I am thrilled to see that my automatic response has not been harmed, but after not having sat in a tower chair for 10 years, simulations were a bit terrifying.  Part of that fear was based in meeting ordinary  goals, but part of it was a fear of looking bad--Jen recognized me as an ex-guard, early on.

And times have changed...


First and most importantly--I have to keep reminding myself to don gloves prior to rescue breathing and CPR.

Gloves are easy to forget when blood isn't visible.  When I first trained 13 years ago, latex  gloves and resuscitation masks weren't mandatory when responding--and footwear was optional (God knows why; ringworm is timeless).  The comfort of Rescue Tubes--which I no longer see as "cheating"--weren't employed by any hometown pools.  Hepatitis B vaccines weren't quite yet on the agenda either, and defibrillation and oxygen administration were not considered basic training.

There are also subtractions.

The head-chin split for spinal injuries is one of them.  Keeping the forearms firm against spine and sternum is unchanging, but many pools now use a head-cheekbone turn, since the chin is more easily moved when rolling under the victim and turning them skyward.  The new wisdom also entails blocking the nose and mouth while pressing the cheekbones, so that any air bubble in the victim's lungs doesn't collapse with the movement and invite water inside.  So--there is a bit of unlearning to do on a technique than can paralyze or kill if done incorrectly.

Needless to say, I am a ball of well-earned anxiety.



Although I quite fervently wish to pass this class, I will no longer hate myself if I do not.

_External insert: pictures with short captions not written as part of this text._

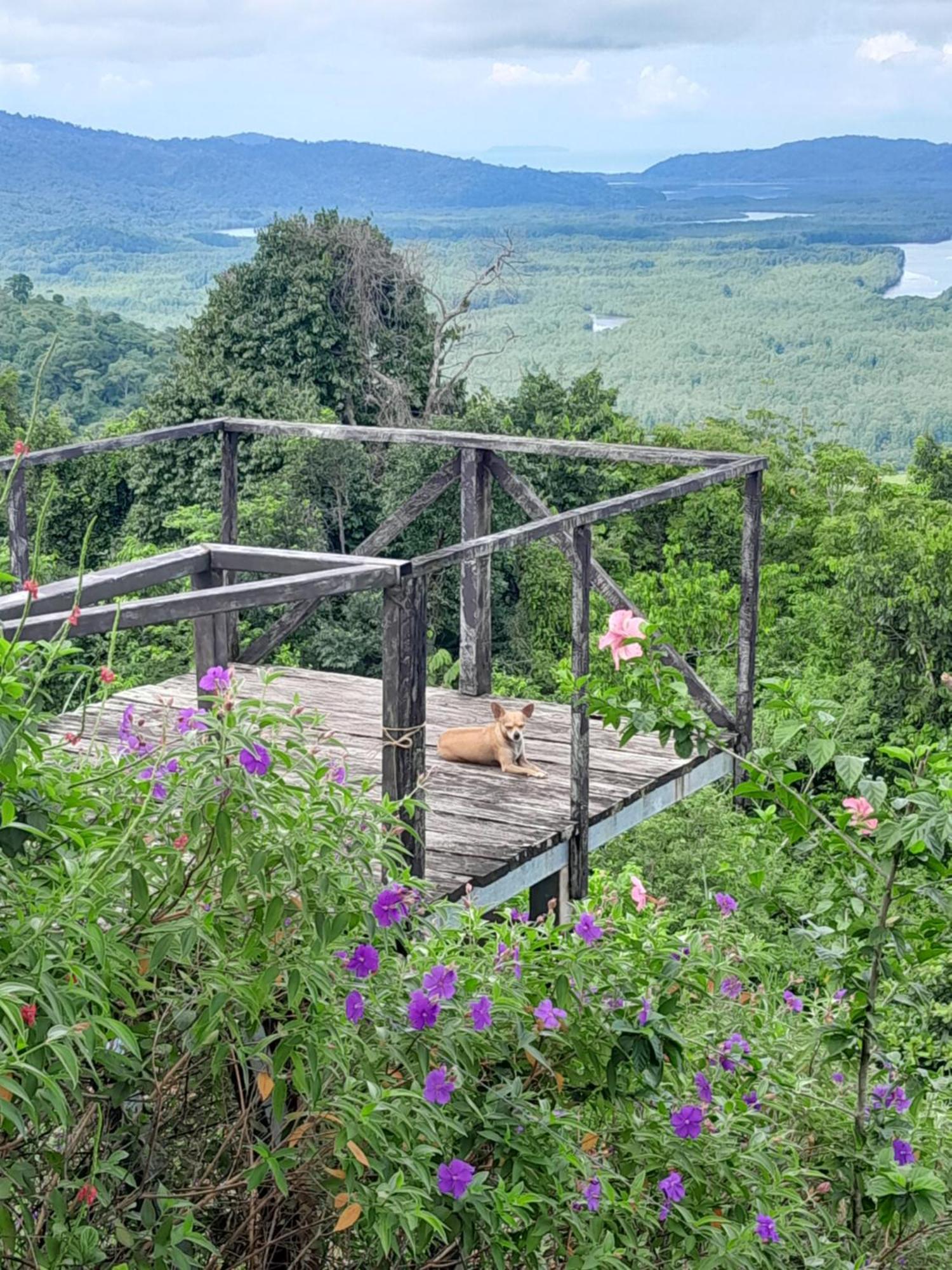 Finca La Puesta Del Sol - Miramar De Sierpe Oda fotoğraf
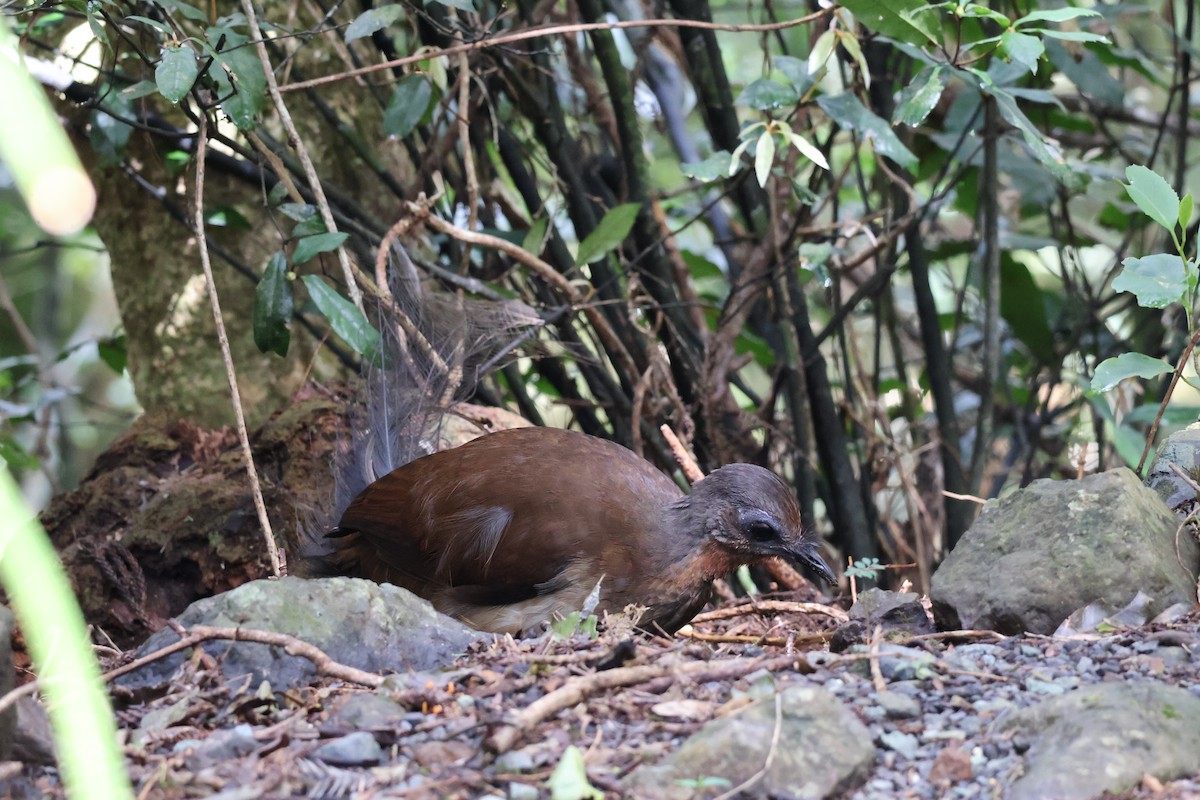 Albert's Lyrebird - ML641398713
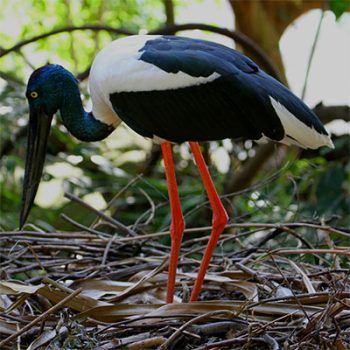 jabbie-black-neck-stork-wildlife-habitat-port-douglas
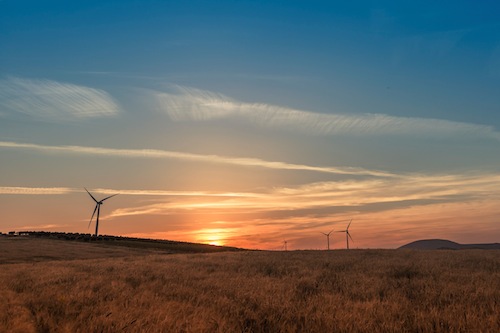 Gamesa wind farm (1)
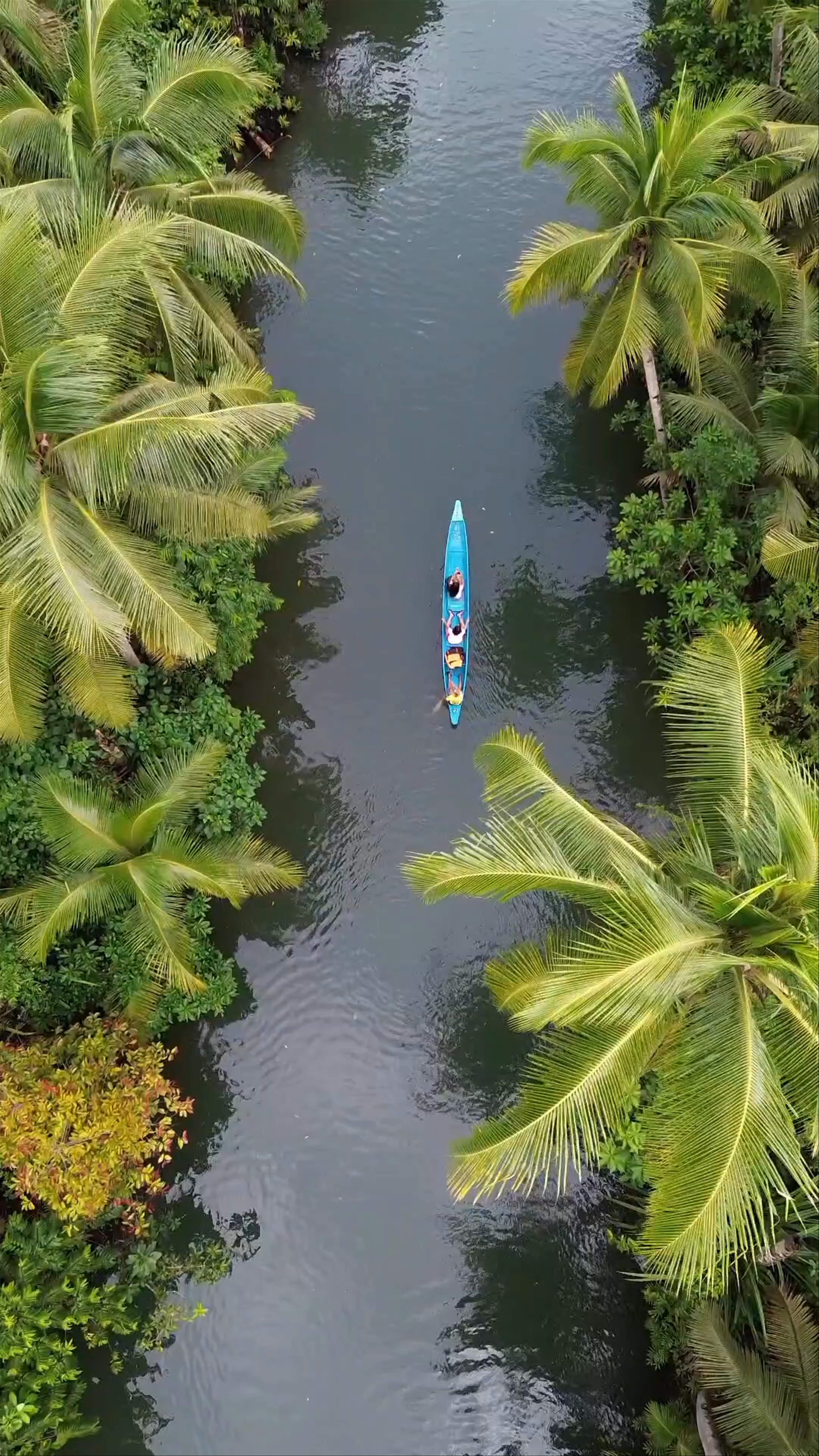Maasin River Bridge: A Serene Canoe Journey in Siargao, Philippines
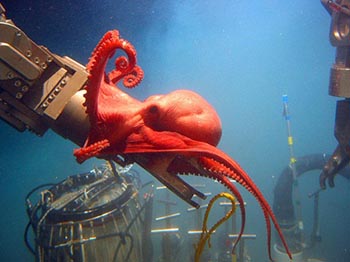 This stunning octopod, Benthoctopus sp., seemed quite interested in the deep submergence vehicle Alvin’s port manipulator arm. Those inside the sub were surprised by the octopod’s inquisitive behavior. Image courtesy of Bruce Strickrott, Expedition to the Deep Slope. 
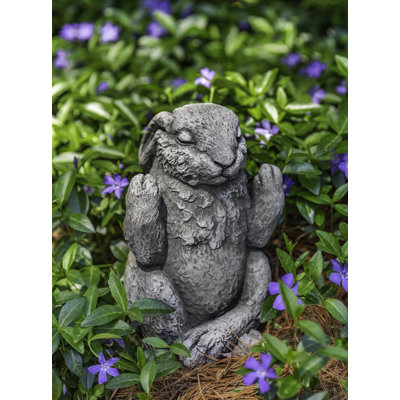 Lapin méditation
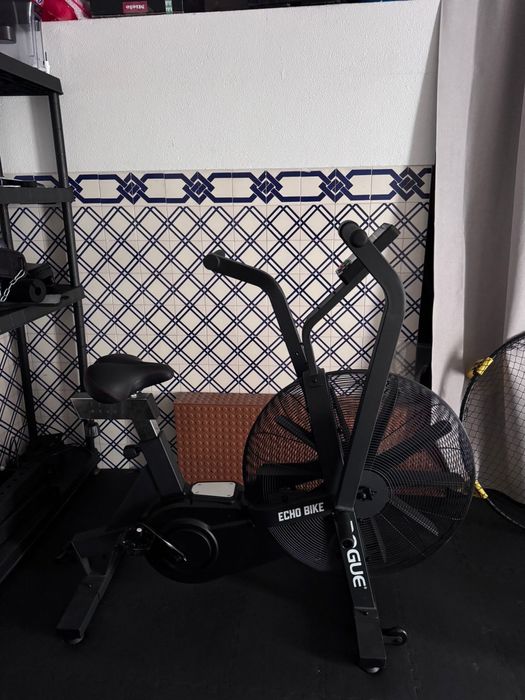 Bicicleta de ar Rogue Echo Bike – quase nova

I have checked-in with a former self and brought her to the fore, rather than proving myself as strong as I was then.  I have done something that frightens me, and have not turned away.

If I fail the final written and practical tests almost upon me, I will nonetheless feel more greatly useful, more capable; brushed-up and curried too.  Too much so, to see it as a waste of my time.  

Lo, I have learned to administer oxygen straight from the cylinder.

...It's simple, but my level of excitement over it approaches the juvenile.


1. Be sure that the label is marked oxygen.

Hee.



While such positive feelings exist, it's prudent that I go study.